To Kill a Mockingbird, by Harper Lee
I love this book. I’m not alone in this adoration though. In fact, I think this book has pretty much been deemed the best book of the twentieth century.
Scout, the narrator, and her older brother Jem are the children of Atticus Finch. Their mother died years ago, so they’ve been raised by Atticus and by Calpurnia, the black maid. Scout and Jem are generally carefree children living in Maycomb, Alabama during the Depression. They spend their summers adventuring with their friend Dill and trying to get Boo Radley, the neighborhood recluse, to come out of his house. Things change, though, when Atticus, an attorney, agrees to defend a black man charged with raping a white woman.
There is nary a misstep in this book.

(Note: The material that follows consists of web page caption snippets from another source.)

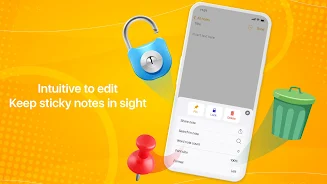 Notes Phone 15 - OS 17 Notes Скриншот 3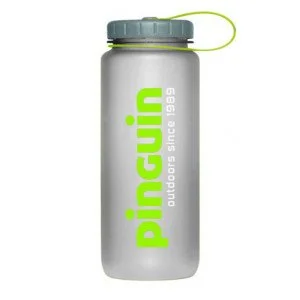 Bottle PINGUIN Tritan fat 1l, Gray Bottle PINGUIN Tritan fat 1l, Gray
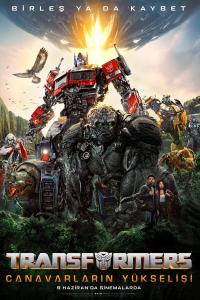 Transformers: Canavarların Yükselişi (2023) poster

The characters are unbelievably well written and fleshed out. Lee slowly creates this town full of people with, what at first seem to be, random tidbits. It all builds and comes together in several climatic scenes. As an attorney , I particularly appreciate the portrayal of Atticus and the realistic courtroom scenes. Here’s a line from his closing statement at the trial:
The witnesses for the state.have presented themselves to you gentlemen, to this court, in the cynical confidence that their testimony would not be doubted, confident that you gentlemen would go along with them on the assumption-the evil assumption-that all Negroes lie, that all Negroes are basically immoral beings, that all Negro men are not to be trusted around our women, an assumption one associates with minds of their caliber. Which, gentlemen, we know is in itself a lie as black as Tom Robinson’s skin, a lie I do not have to point out to you. You know the truth, the truth is this: some Negroes lie, some Negroes are immoral, some Negro men cannot be trusted around women, black or white. But this is a truth that applies to the human race and to no particular race of men.
While I read this book as a child in school like most people, I think adults should read or reread this book at regular intervals. I appreciated the writing and the themes and the characters so much more this time around, and I’ll probably appreciate them more as I get older. Such a book is truly a classic.